S-22 Prévention et détection précoce
S-23 Une maison de santé mentale pour 50 000 habitants (1000 structures en France)
S-24 Équipes mobiles psychiatrie-précarité renforcées
S-25 Psychologues dans tous les établissements scolaires
S-26 Garantir un délai maximum de 15 jours pour un premier rendez-vous en CMP.
S-27 Approches alternatives à l'hospitalisation et psychiatrie communautaire
S-28 Soutien à la recherche en santé mentale
Programme autonomie et grand âge
S-29 Adaptation du modèle Buurtzorg* aux Pays-Bas : former des équipes autonomes de 12 soignants responsables d'un territoire pour les soins à domicile.

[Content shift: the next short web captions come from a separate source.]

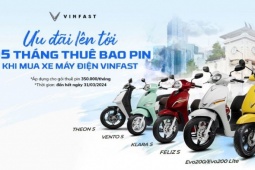 Thế giới xe - Mua xe máy điện Vinfast được tặng liền tới 5 tháng gói thuê pin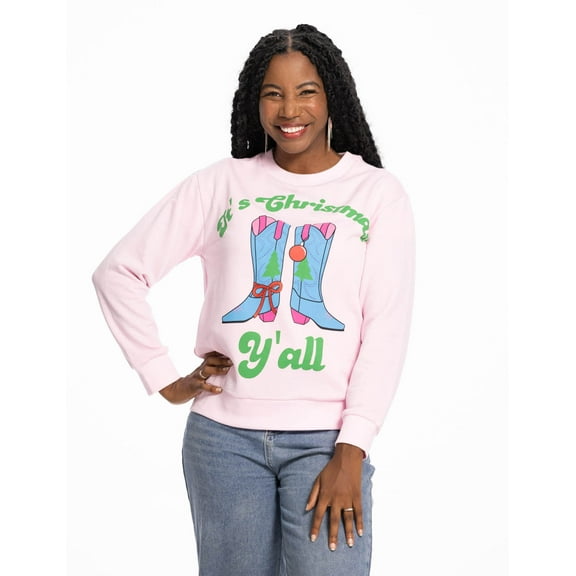 Jollidays x Glitter and Lazers Women's Stirrup Some Cheer Sweatshirt, Sizes S -5X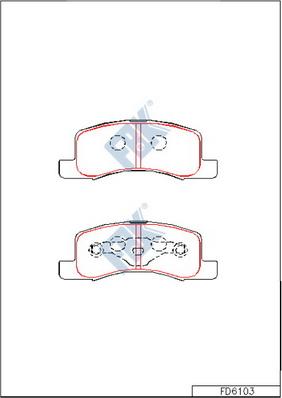 FBK FD6103 - Гальмівні колодки, дискові гальма autocars.com.ua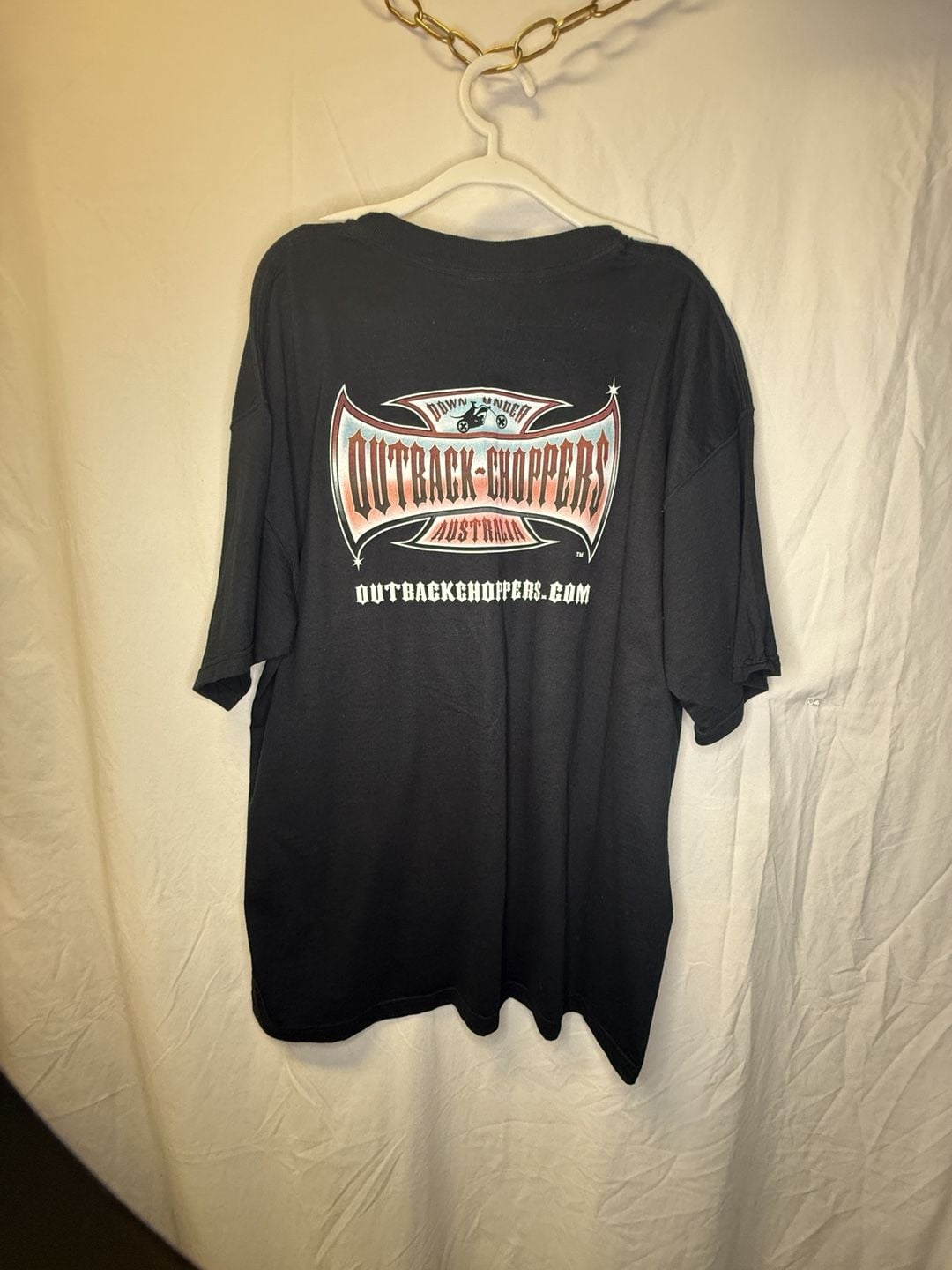 Fruit of the Loom Outback Choppers T-Shirt 2XL Black 4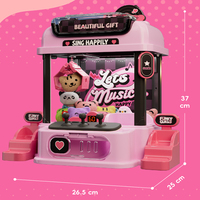 MILI Mini attrape-poupées pour enfants Mini machine à bonbons aux œufs torsadés Petits jouets pour garçons et filles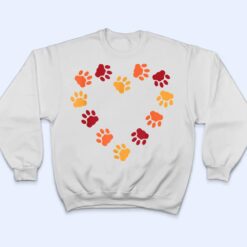 Big heart cat paws T Shirt - Dream Art Europa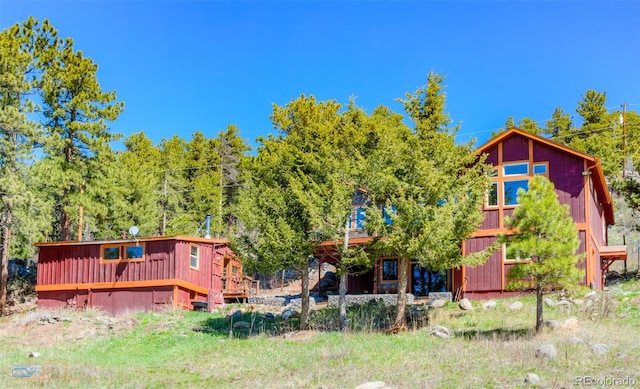 548 Coughlin Meadows Rd, Boulder, CO 80302 - back of house featuring a wooden deck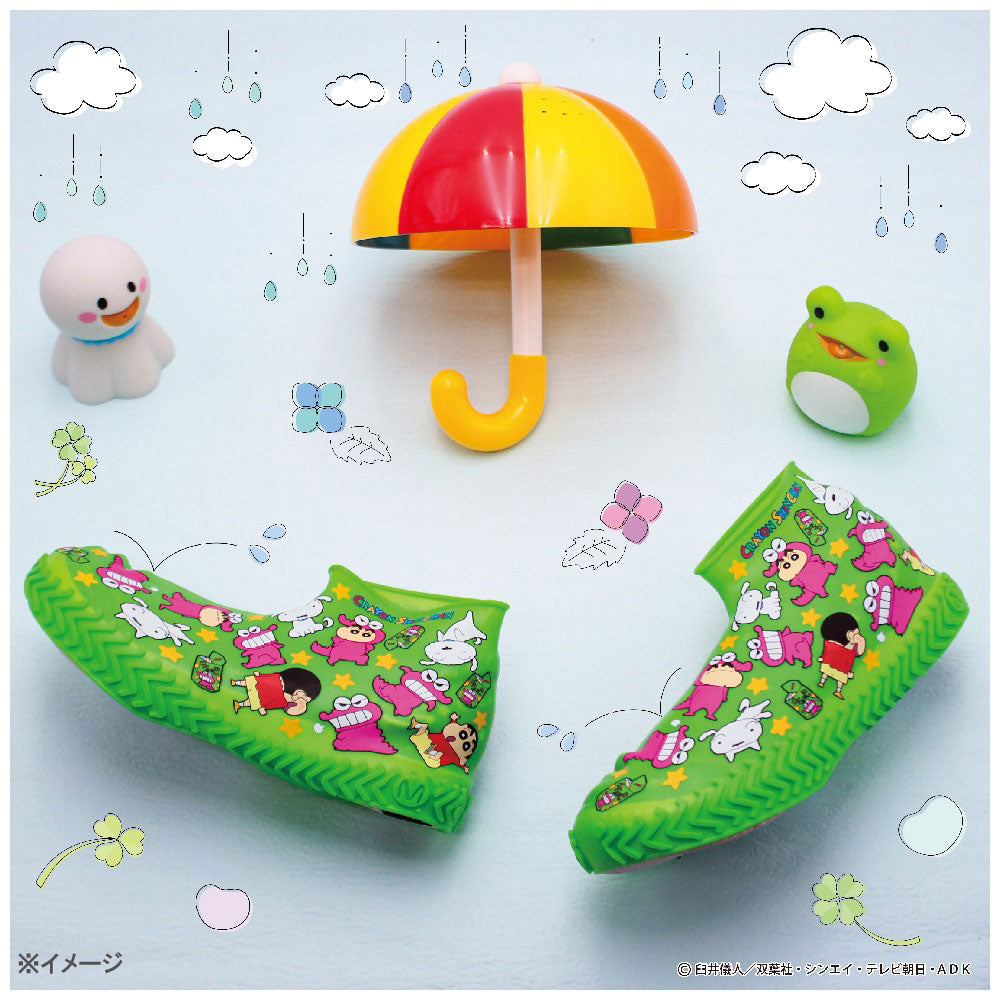【아울렛】레인 신발 커버 크레용 신짱 M 1개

*source : https://blog.wello.fr/modele-buurtzorg
S-30 Statut et formation des 11 millions d'aidants
S-31 Ratio minimum d'1 soignant pour 3 résidents en EHPAD
S-32 Plan de prévention de la perte d'autonomie
Santé au travail
S-33 Doublement des effectifs de médecine du travail
S-34 Un médecin du travail pour 2500 salariés maximum
S-35 Prévention renforcée des risques psychosociaux
S-36 Inspection du travail renforcée (+2000 postes).